イギリスの無煙化は先のオランダ程ではありませんが意外と早く、1968年に達成したことが当時のRP誌にもありました。一方で遅くまで蒸気機関車を作っていたようで、日本国鉄のC63型に相当する「無煙化までのつなぎ」の位置づけで設計された蒸気機関車をかなりの数製作してしまい、かなりの数が数年で運用を外れてしまったらしいです。
以前蒸気機関車の水とブローとの関係について報告しましたが、詳細が記載されているのはRP73-10号であることを確認しました。RP誌の1973年から1975年にかけて「汽車のけむり」という表題の記事が連載されていたのですが、蒸気機関車の仕組みや現場での運用について詳細に記述されています。
水関係の記事を抜粋すると、千葉県の水は蒸気機関車用としてはあまり良くなく、特に海岸線沿いでは「お茶の立つ水は少ない」と表現されており、「硬水」であることが伺えます。関東では中央線沿いはあまり水質が良くなく、川越、山沿いの八高線、両毛線も不良で、悪名が高いのは烏山、佐倉、上総亀山、上総中野、八王子などとしています。地質的にはいずれの地も火山性の岩石(火山岩、深成岩)の基盤が地下の浅いところに広がっていて、地下水がこれらの岩石の影響を受けていると考えられます。
ブローは「濃度が高くなった缶水のミネラル分を抜く」手段と記載されており、「ブローの名所」は外房線の大網駅(旧線のスイッチバック時代)とのことです。大網から土気へ上る途中のトンネルに向かう急勾配が缶水の状態が悪化する条件が揃っているところで、上り列車は大網駅で機関車を切り離し、ブローをしてから次の列車に連結する「一段落ち運用」をしていた、とあり、「本線に出てから運用を一段落しにしてブローをしているところは全国でも稀であった」と記述されています。
中国大陸の水はやはりミネラル分が多いことも記述されており、江北ではミネラル分がブローで吐き出す水に匹敵する高濃度のものがあることが指摘されています。このため、ブローは頻繁で、南満州鉄道では「ブローは毎日で、それも運転中によくやるとのことである」とのことでした。
原口さん、
時速140キロ試運転の動画、お楽しみいただけたでしょうか。カマのポテンシャルもすごいですが、それを実現させる技術を維持していること、実現の場を提供する当局の度量など、さすが、という他ありません。で、グレズリー式弁装置ですが、ググってもあいにく機構は理解出来なかったものの、A4稼働機の一両であるSir Nigel Gresleyが、グレズリー式弁装置の生みの親である技師の名から取られているのを知ったのは収穫でした。

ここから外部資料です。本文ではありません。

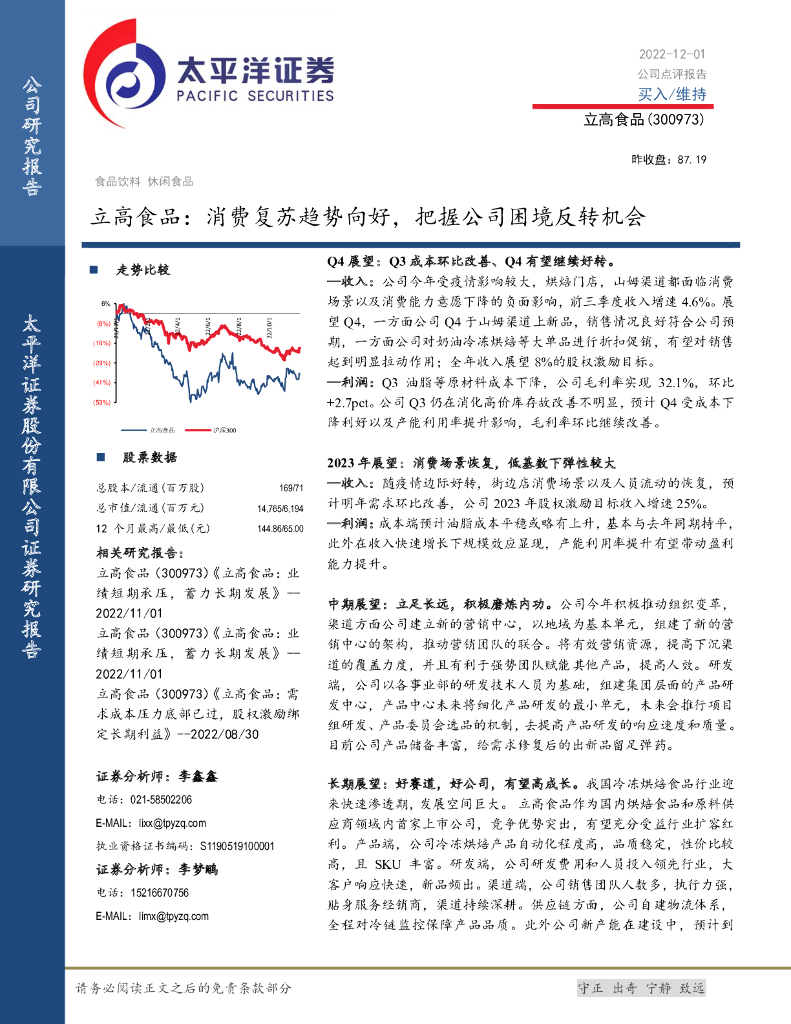 太平洋证券：立高食品：消费复苏趋势向好，把握公司困境反转机会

ブローオフに関して、日本の水質の話題は以前にも提供いただいた記憶がありますが、「一段落ち運用」なんてものが存在したとは、実に面白いですね。日本の蒸機がブローオフしてる写真というのは見た覚えがないのですが、にわか勉強で「蒸気機関車メカニズム図鑑」をパラっと見たところ、中国の蒸機が走行中に強制的にやるような構造ではないようですね。